Each line of data below must be printed exactly as written, with any pictures removed.

**SUPPLIED DATA**
>>>>>

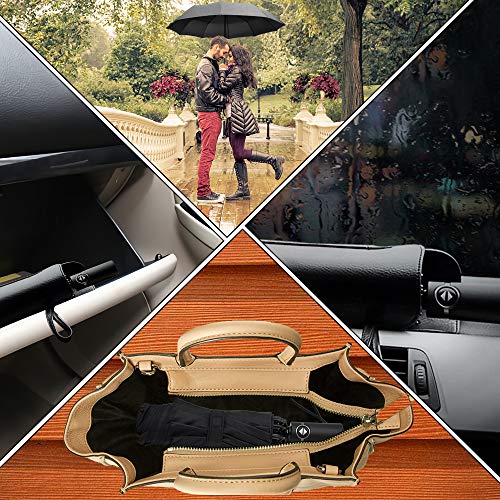 Bodyguard Inverted Windproof Umbrella with Teflon Coating, 10 Ribs Auto Open and Close Travel Umbrella, Portable Reverse Umbrellas with Leather Cover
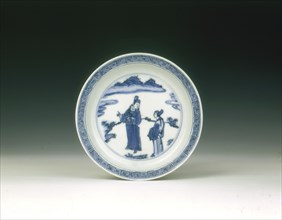 Blue and white saucer with figures in a landscape, China, 1572-1620. Artist: Unknown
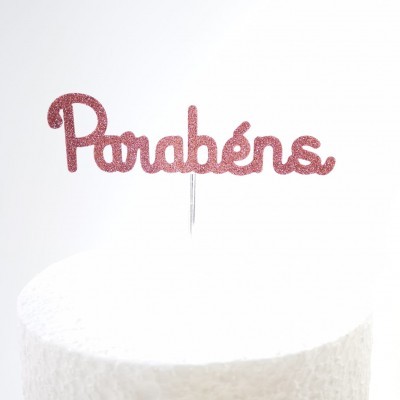 Topo Bolo Parabéns Papel Glitter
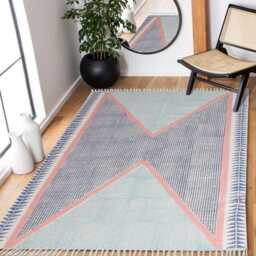Handmade Cotton Dhurrie Rug, Geometric Block Print, 9x12 Ft - thumbnail 1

<<<<<

**THE COMPLETED TASK**
 Bodyguard Inverted Windproof Umbrella with Teflon Coating, 10 Ribs Auto Open and Close Travel Umbrella, Portable Reverse Umbrellas with Leather Cover
 Blue and white saucer with figures in a landscape, China, 1572-1620. Artist: Unknown
 Topo Bolo Parabéns Papel Glitter
Handmade Cotton Dhurrie Rug, Geometric Block Print, 9x12 Ft - thumbnail 1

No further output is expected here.